● What is being asked:
Only one stretch of the material below is wanted: everything from the line containing "Sanctuary Dark Olive" down to the line containing "Vintage Resin Cherub", both ends included. Repeat it exactly and skip the pictures.

● Data records:
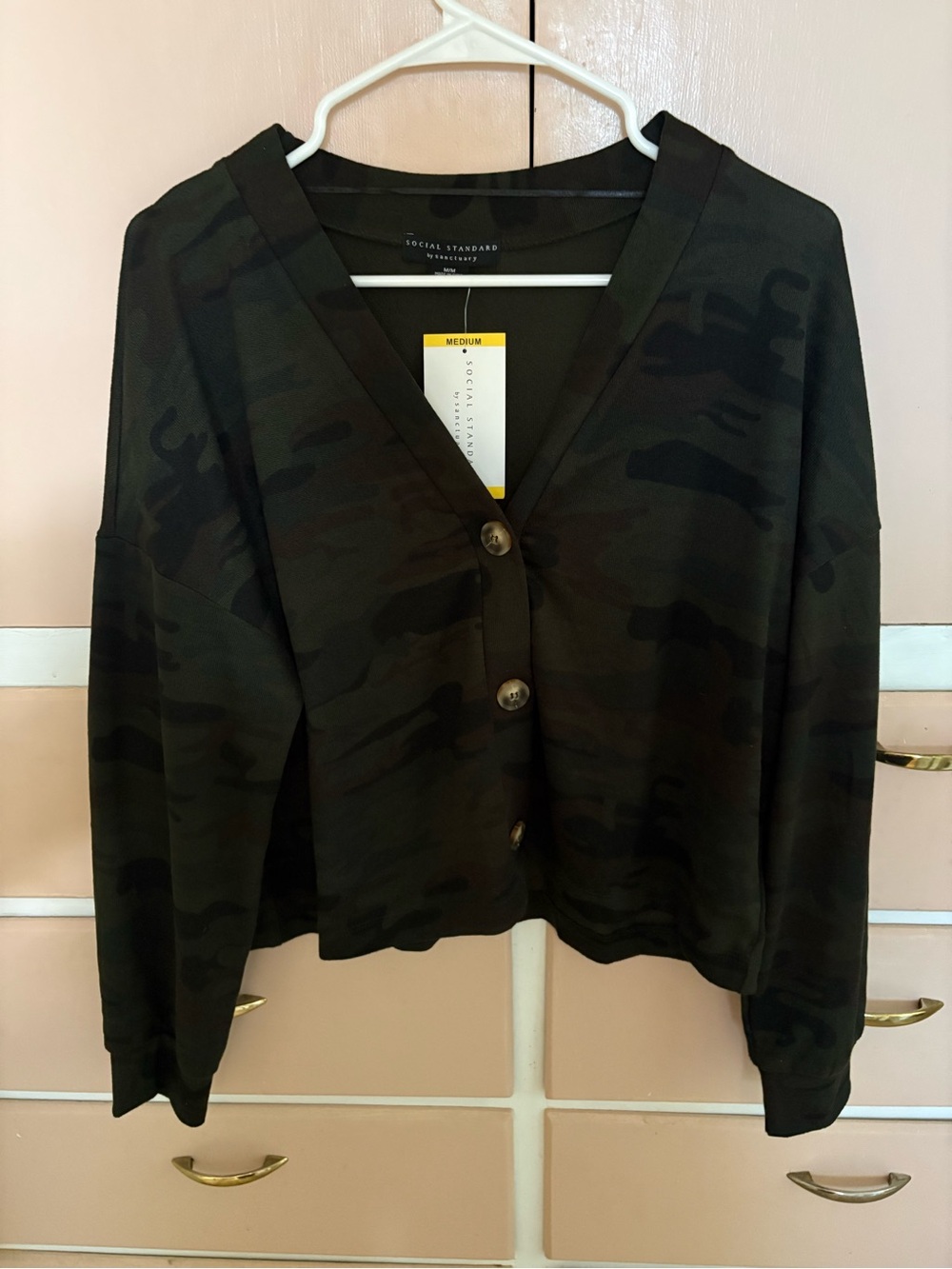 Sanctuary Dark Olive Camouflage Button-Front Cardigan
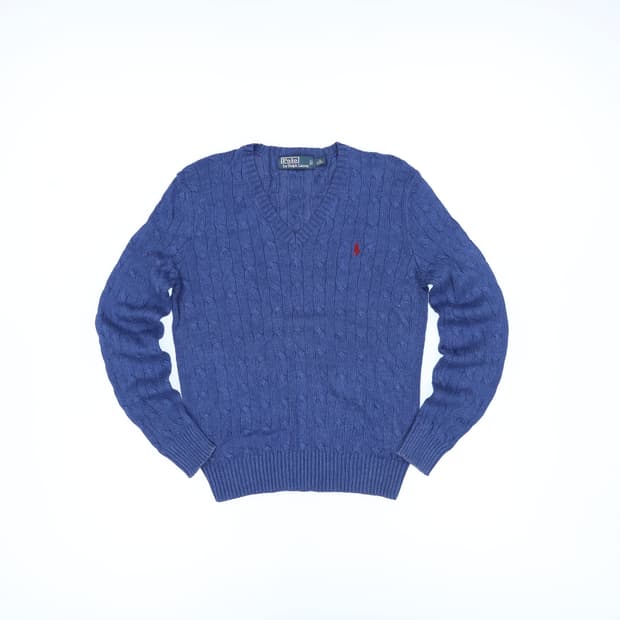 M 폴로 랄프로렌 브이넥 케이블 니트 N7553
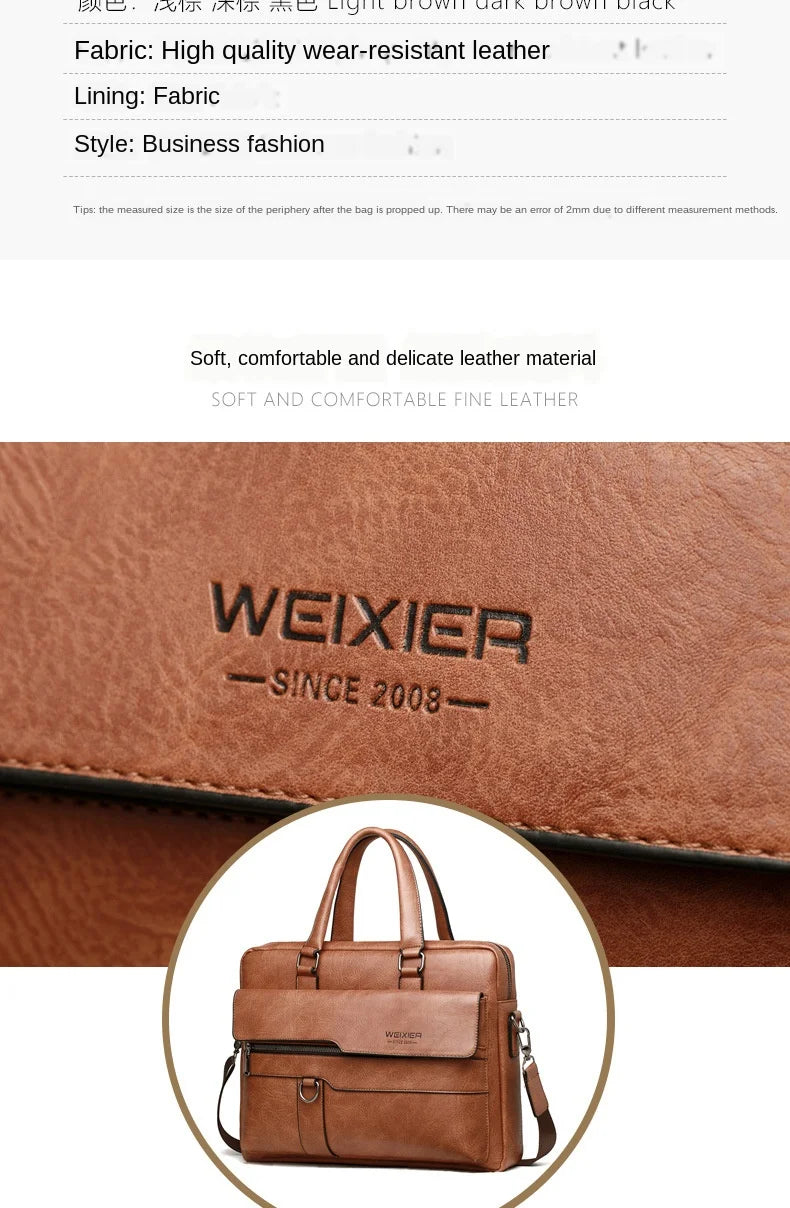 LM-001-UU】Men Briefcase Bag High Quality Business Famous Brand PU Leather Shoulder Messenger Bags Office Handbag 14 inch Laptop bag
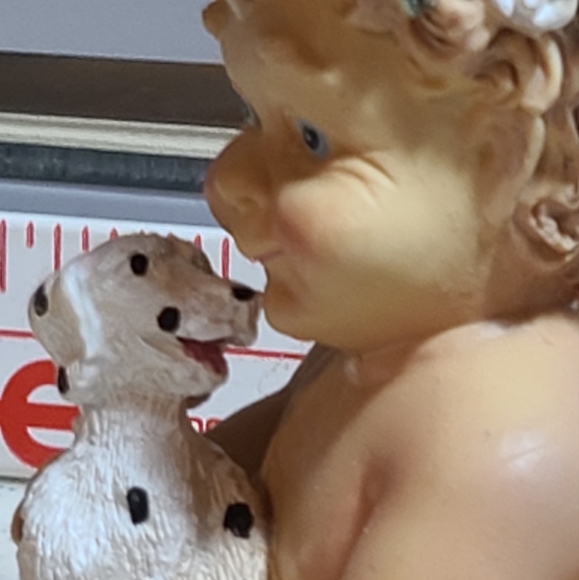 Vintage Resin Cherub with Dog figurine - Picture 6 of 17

* * *

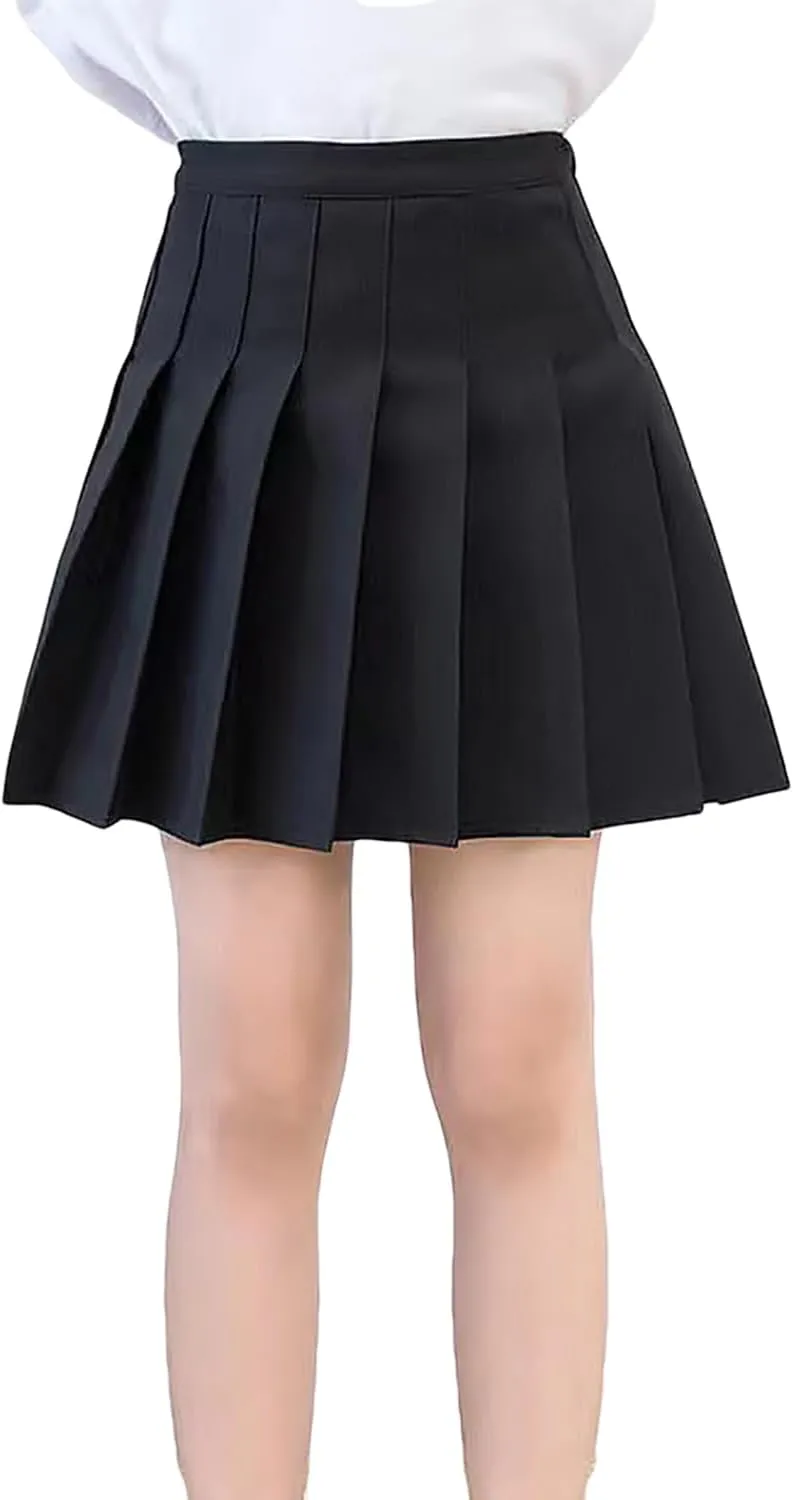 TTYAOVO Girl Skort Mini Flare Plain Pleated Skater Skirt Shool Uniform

● Finished task:
 Sanctuary Dark Olive Camouflage Button-Front Cardigan
 M 폴로 랄프로렌 브이넥 케이블 니트 N7553
 LM-001-UU】Men Briefcase Bag High Quality Business Famous Brand PU Leather Shoulder Messenger Bags Office Handbag 14 inch Laptop bag
 Vintage Resin Cherub with Dog figurine - Picture 6 of 17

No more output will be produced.